Qu’en pensent les éleveurs ? Comment voient-ils leur avenir ?
Voici les questions auxquelles ont été amenés à répondre deux responsables syndicaux : Christiane Lambert, présidente de la FNSEA et Laurent Pinatel, porte-parole de la Confédération paysanne. Christiane Lambert a d’abord souligné que les éleveurs français vivaient un malaise profond. Elle a aussi voulu préciser que, pour elle, il y avait plusieurs types d’associations de défense des animaux. Il y a celles avec lesquelles le dialogue est possible : celles que l’on appelle « les wellfaristes », et puis il y a les associations dites « abolitionnistes », celles qui tétanisent les éleveurs.

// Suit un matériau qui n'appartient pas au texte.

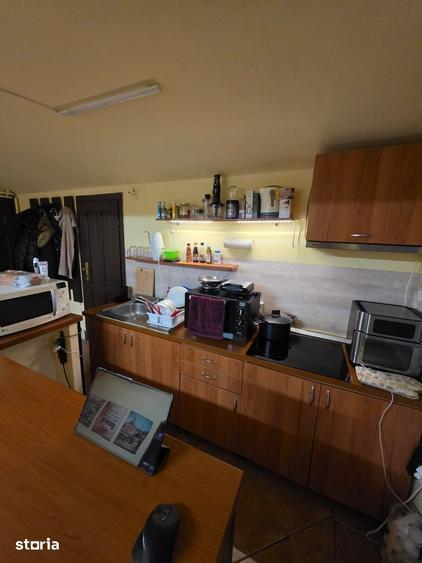 Apartament cu 2 camere în Iosefin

Christiane Lambert a insisté sur le fait qu’en France, nous avons la meilleure application des normes européennes. Les éleveurs intègrent tous les éléments pour améliorer le bien-être des animaux dans les nouveaux bâtiments. Mais, a-t-elle ajouté, on a aussi un contexte difficile.
Laurent Pinatel a précisé qu’il était d’accord avec Christiane Lambert sur sa vision de la situation des éleveurs et des associations. Pour lui, il y a eu une perte de liens entre les paysans et les citoyens. Aujourd’hui, dit-il, on redécouvre qu’il y a des gens qui travaillent avec des animaux. Il condamne les actions violentes de certaines associations extrémistes qui jettent les éleveurs sur la place publique à un moment où les éleveurs souffrent. Pour Christiane Lambert « tout le monde est au travail ». Elle ajoute « nous avons travaillé avec nos partenaires, un recueil de bonnes pratiques a vu le jour ». En indiquant également que les éleveurs se forment : 4 500 suivent des formations. Pour elle, « il faut retisser des liens de compréhension avec les consommateurs. Il faut que l’on se mette d’accord avec eux ». Car, ajoute-t-elle, « il ne faut pas dire tout le temps que seuls les petits élevages sont magnifiques, et que les autres sont épouvantables ». Pour Laurent Pinatel, il faut que les politiques publiques accompagnent la transition des élevages. Il a insisté sur le fait que tous les Français ne sont pas logés à la même enseigne en ce qui concerne l’alimentation. Tout le monde n’a pas les moyens financiers d’acheter des produits plus chers. Pour lui, il faut peut-être retravailler un modèle à la Française. Il indique que, par exemple, la production d’œufs peut être relocalisée. Les collectivités locales doivent pouvoir aider à cette relocalisation.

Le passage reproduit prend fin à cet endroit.